We’re all familiar with the notion of “layered networks” but one of the things that’s sometimes overlooked when considering these age-old concepts is that multiple layers often begat multiple connection topologies, service policies, and so forth. In today’s world we’re not thinking of layers as much in terms of protocol layers as in terms of service model layers, but the issue of layer-specific topologies and policies is still as much a bone of contention as ever. And it may be complicated by the fact that we’re likely optimizing the wrong thing these days.
Virtualization follows the concept of abstraction and instantiation. When you apply it to networks, you start by visualizing a given service as being fulfilled by a black box that connects inputs and outputs. That box is given a mission by the layer above it, and it fulfills that mission in many cases with its own virtualization process. Inside a black box is another black box; it’s like the bear going over the mountain.
The issue of nesting black boxes or supporting hierarchies of service models comes up today mostly in two places. One is at the operations level, where the “services” of the network are often abstracted to simplify how much work has to be done integrating OSS/BSS processes with individual devices. The other is in SDN services, where intermediary layers insulate generalized control logic from specific topologies or even implementations.

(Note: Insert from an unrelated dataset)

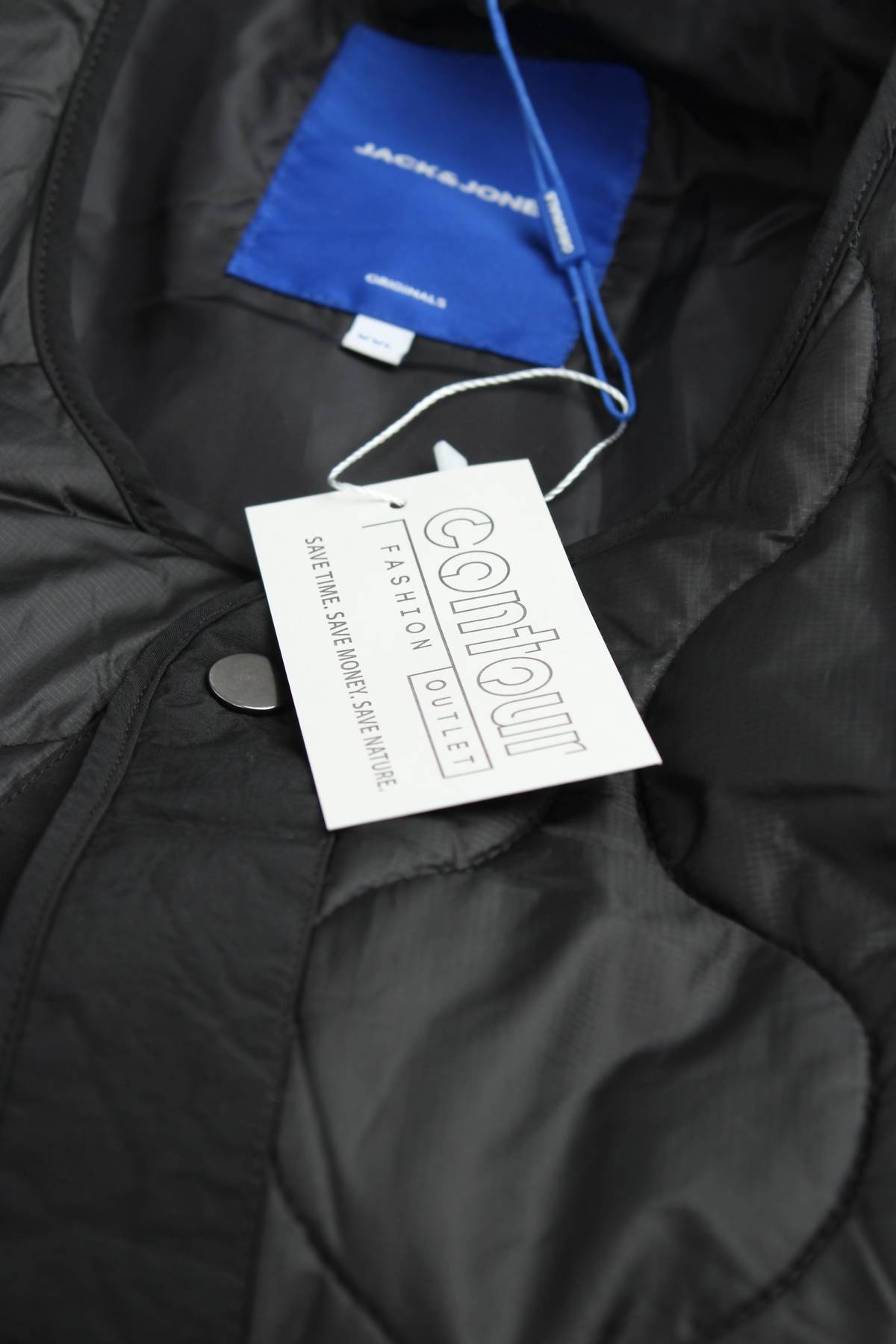 Ανδρικό μπουφάν Jack & Jones4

Multi-layer abstraction is a useful tool. If you look at the operations example, you can see that if an OSS/BSS has to understand how to route packets via OpenFlow, you’re exploding the complexity of the high-level operations software to the point where it may be difficult to make it work, and you run the risk of having what might be called “service-level” decisions create structures at the connection level that don’t even make sense. You also create a situation where a change in service topology that happens to involve using a different part of the network could end up changing a bunch of high-level operations tasks because that part of the network used a different implementation of SDN or a controller with different northbound APIs.

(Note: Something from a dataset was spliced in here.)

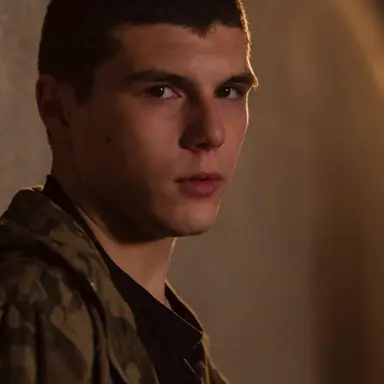 Profile image of Damiano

OpenStack’s network API, Neutron, is a good example of multi-layer abstraction in action. You supply Neutron with connection models—you say, for example, “create a subnet”—and Neutron does that without bothering you with the details. Underneath Neutron is often an OpenFlow controller that may have its own abstractions to help it translate a request into specific paths. And above Neutron is the whole cloud thing, with its top-level picture of a cloud service as being a set of hosts that become visible on an IP network like the Internet.

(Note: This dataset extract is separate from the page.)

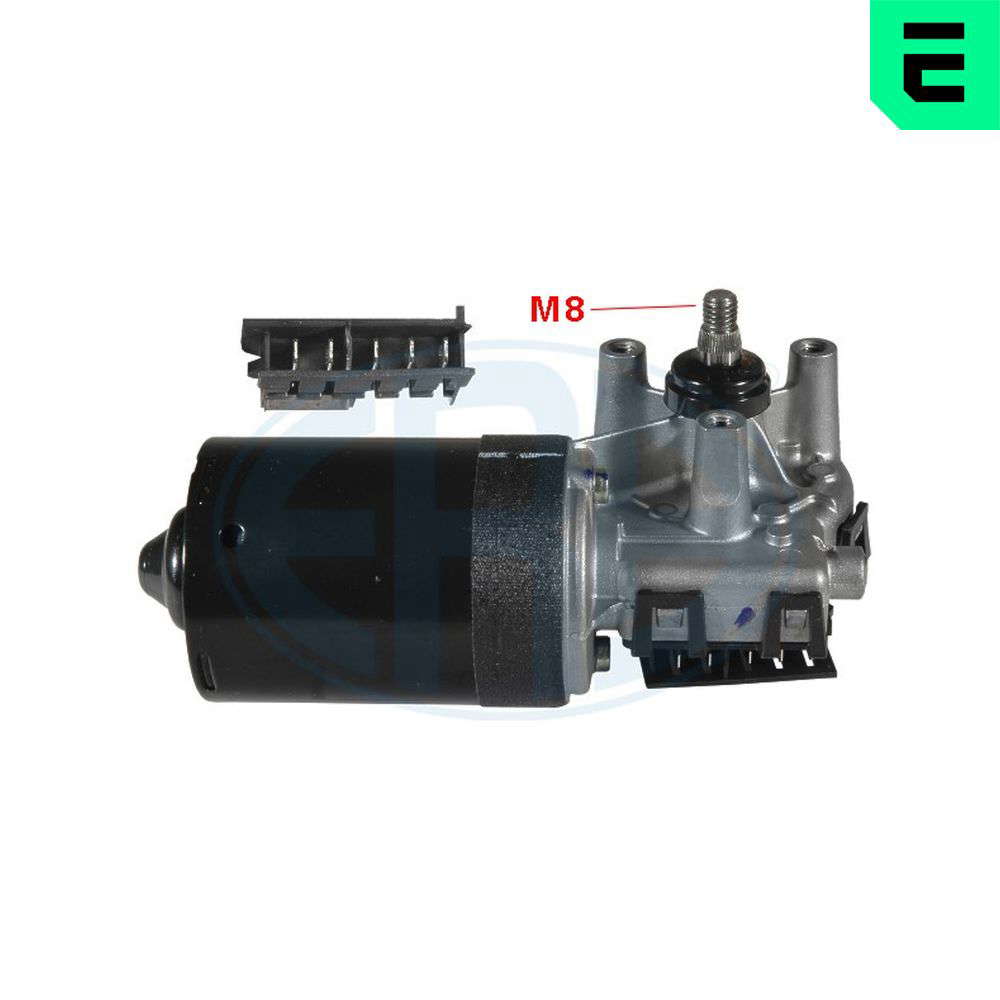 Moteur d'essuie-glace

Of course, everything that’s logical and easy isn’t always good, and that’s the case with this nested-abstraction box-in-a-box thing. The problem you have in nesting abstractions is that it becomes more complicated to apply policies that guide the total instantiation when you’re hiding details from one layer to another. Let’s look at an example. You have a cloud with three data centers and three independent network vendors represented, so you have three network enclaves, each with a data center in it. You want to host a multi-component application in the cloud, and a single high-level model abstraction might be our IP subnet. However, the “best” data center and server might depend on characteristics of the individual network enclaves and how they happen to be interconnected, loaded, etc. If your high-level process says “subnet” to the next layer, which then divides the request among the resource pools there, how do you know that you picked the best option? The problem is that the networks know their own internal optimality but not that of the hosting layers they connect, and not of each other.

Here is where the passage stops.